# Conclusions From Analysis

## Exploration Conclusion

| Column | Values Removed | Reason |
| :-- | :-: | :-- |
| All Column | values <= 0 | These are either impossible (e.g. negative amount of sludge in water like `InpA Sludge In Water \[mg/l\]`) or unwanted (e.g. maintenances) |
| Tank1 Content Height | values > 25 m | The tank is probably not higher than 25m |
| Tank2 Content Height | values > 25 m | The tank is probably not higher than 25m |
| Tank1 Sludge Recycle In Flow | values > 150 m3/h | Considering that the InpA and InpB flow rates are never higher than 150 m3/h, it seems that values for `Tank1 Sludge Recycle In Flow` higher than 150 m3/h are outliers | 
| Tank2 Sludge Recycle In Flow | values > 200 m3/h | Same reasoning as above | 
| Exit N03 Dissolved | drop column | Too many missing values (56%) |
| Target | All NaN | Remove all rows without a target, they cant be used for modeling |
| All | 40% missing variables | Remove rows with more than 40% of the row missing |


### Additional Changes 
- Rows with at least one negative variable are removed entirely, as these are periods that we don't want to consider. The other removals shown in the table above are considered outliers. We set these outlying values to 'NaN'. Gaps of NaN that are not too long will be interpolated from neighboring 'good' values.



In [None]:
clean_data = dataset.copy()
# Remove rows where at least one variable is negative or zero
clean_data = clean_data.loc[~(clean_data <= 0).any(axis=1)]
print(f"Removing rows with at least one nonpositive variable: {dataset.shape[0] - clean_data.shape[0]} rows were removed. ")

# Handle the tank1 content height outliers:
remove = (clean_data[('Tank 1', 'Content height')] > 25)
clean_data.loc[remove] = np.nan
print(f"Setting values with Tank 1 Content height > 25m to NaN: {remove.sum()} observations were affected.")

# Handle the tank2 content height outliers:
remove = (clean_data[('Tank 2', 'Content height')] > 25)
clean_data.loc[remove] = np.nan
print(f"Setting values with Tank 2 Content height > 25m to NaN: {remove.sum()} observations were affected.")

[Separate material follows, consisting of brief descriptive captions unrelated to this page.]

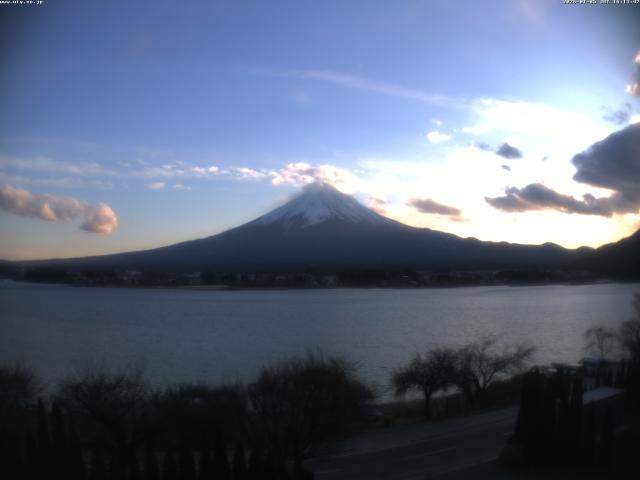 河口湖からの富士山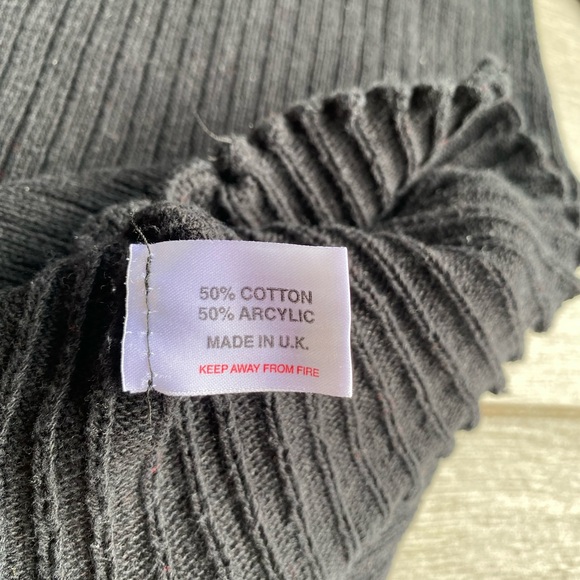 Nasty Gal Black Ribbed Cold Shoulder Mini Dress, Size Small - Picture 6 of 8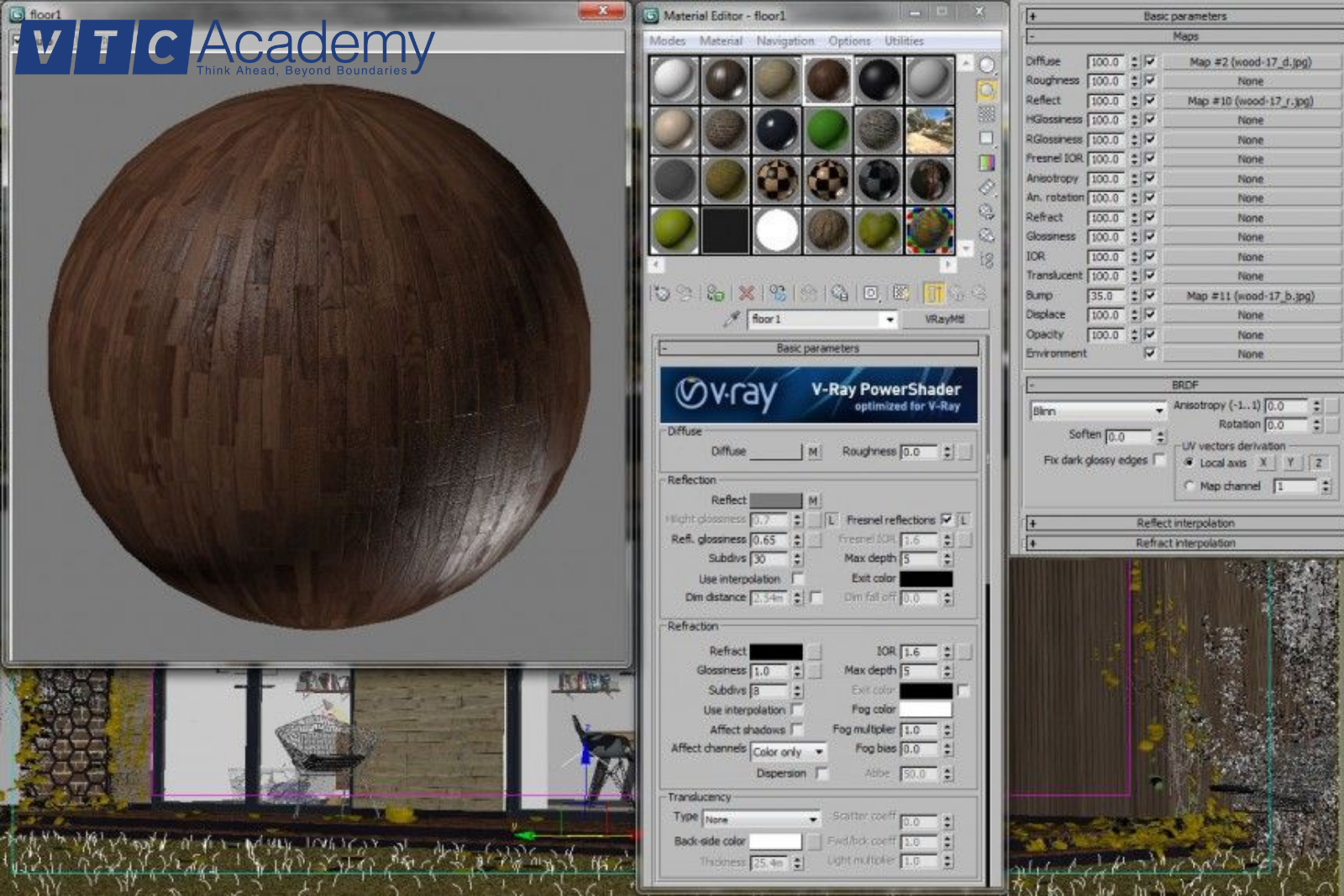 chất liệu trong thiết kế 3D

# Handle the Tank1 Sludge Recycle In Flow outliers:
remove = (clean_data[('Tank 1', 'Sludge recycle in flow')] > 150)
clean_data.loc[remove] = np.nan
print(f"Setting values with Tank 1 Sludge recycle in flow > 150m to NaN: {remove.sum()} observations were affected.")

# Handle the Tank2 Sludge Recycle In Flow outliers:
remove = (clean_data[('Tank 2', 'Sludge recycle in flow')] > 200)
clean_data.loc[remove] = np.nan
print(f"Setting values with Tank 2 Sludge recycle in flow > 200m to NaN: {remove.sum()} observations were affected.")

In [None]:
mask = clean_data[('Exit', 'Target')].isna()
clean_data = clean_data.loc[~mask]

print(f'{mask.sum()} timestamps of the Target variable are missing. These full rows are removed. {clean_data.shape[0]} rows remain.')

threshold = .4 # 40% missing variables in one timestamp

missings = clean_data.isna().sum(axis=1) / clean_data.shape[1]

clean_data = clean_data.loc[missings < threshold]
print(f'{(missings >= threshold).sum()} rows had more missing values than the threshold. {clean_data.shape[0]} rows remain.')

# Re-make the grouped_data and group-names
grouped_data =clean_data.groupby(level=1, axis=1)
# Unique group names, sorted
group_names = sorted(grouped_data.groups.keys(), key=str.casefold)